Data for review:
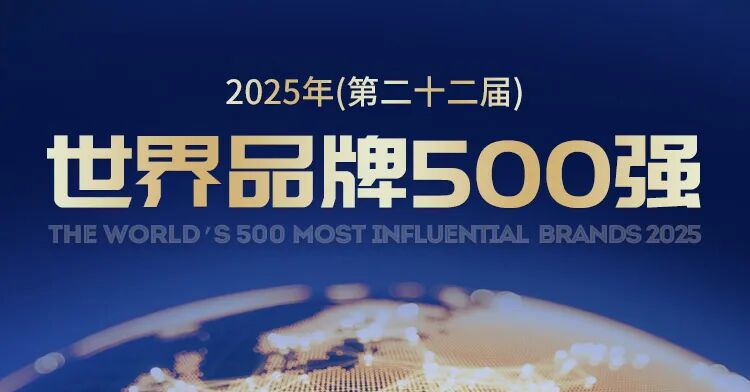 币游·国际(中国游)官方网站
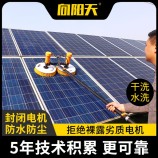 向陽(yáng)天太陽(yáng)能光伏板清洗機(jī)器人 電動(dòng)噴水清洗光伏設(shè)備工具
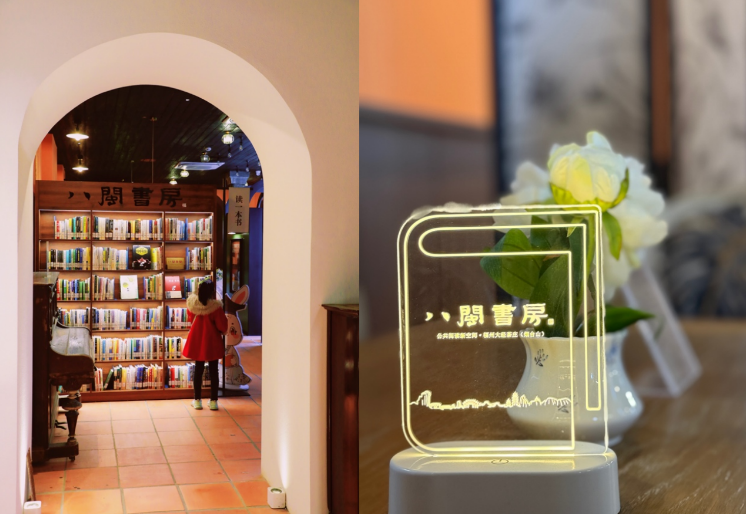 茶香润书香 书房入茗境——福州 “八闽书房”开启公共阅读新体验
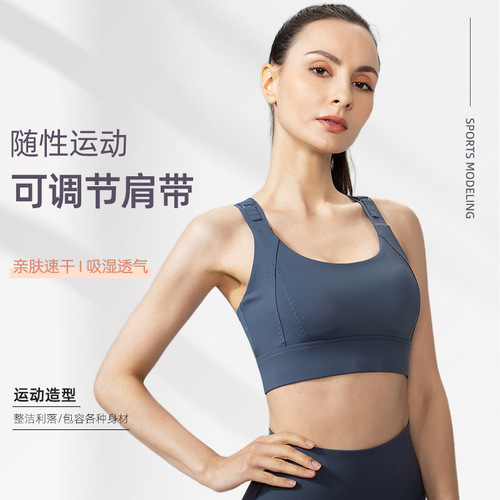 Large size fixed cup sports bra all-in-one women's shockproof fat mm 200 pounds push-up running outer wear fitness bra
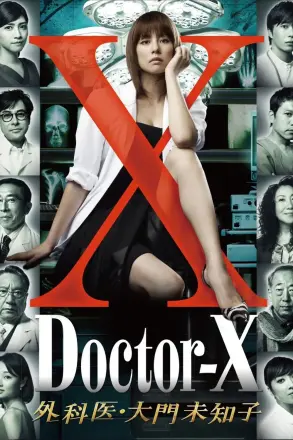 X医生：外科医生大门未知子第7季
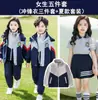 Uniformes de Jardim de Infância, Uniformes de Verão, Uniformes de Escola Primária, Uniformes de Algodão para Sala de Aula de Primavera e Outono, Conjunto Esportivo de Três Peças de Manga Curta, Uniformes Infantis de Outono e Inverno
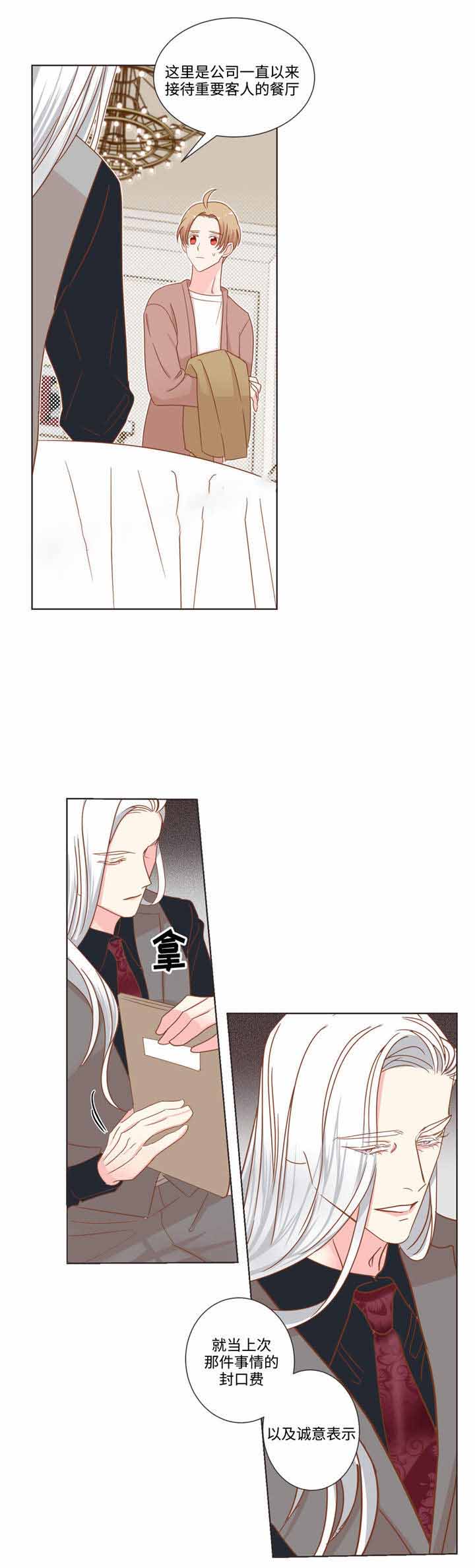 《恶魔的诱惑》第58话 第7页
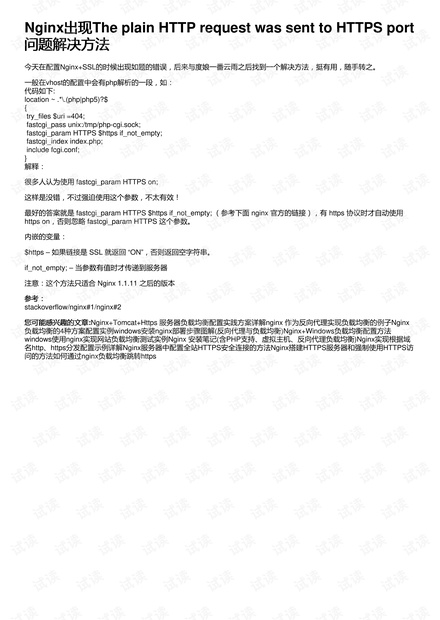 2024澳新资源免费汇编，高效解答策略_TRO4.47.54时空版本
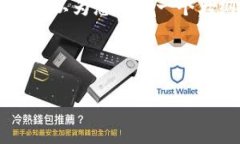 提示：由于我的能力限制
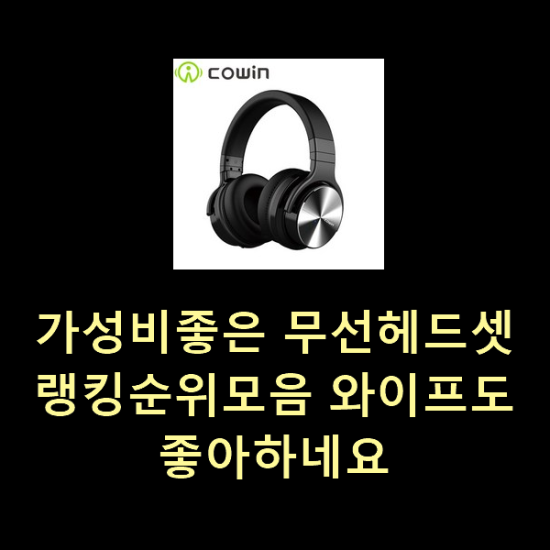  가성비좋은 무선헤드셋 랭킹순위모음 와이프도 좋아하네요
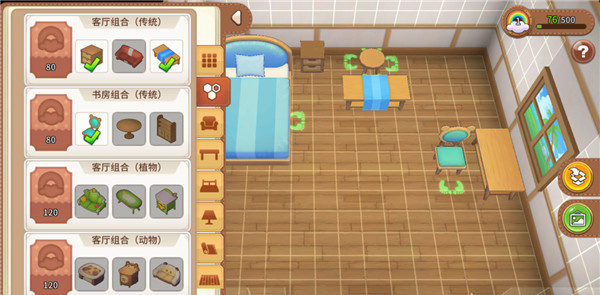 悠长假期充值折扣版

Problem description: Please write out, word for word, each line from the one with "提示：由于我的能力限制" to the last line of the data, keeping both ends and omitting pictures.

Solution to this task:
 提示：由于我的能力限制
  가성비좋은 무선헤드셋 랭킹순위모음 와이프도 좋아하네요
 悠长假期充值折扣版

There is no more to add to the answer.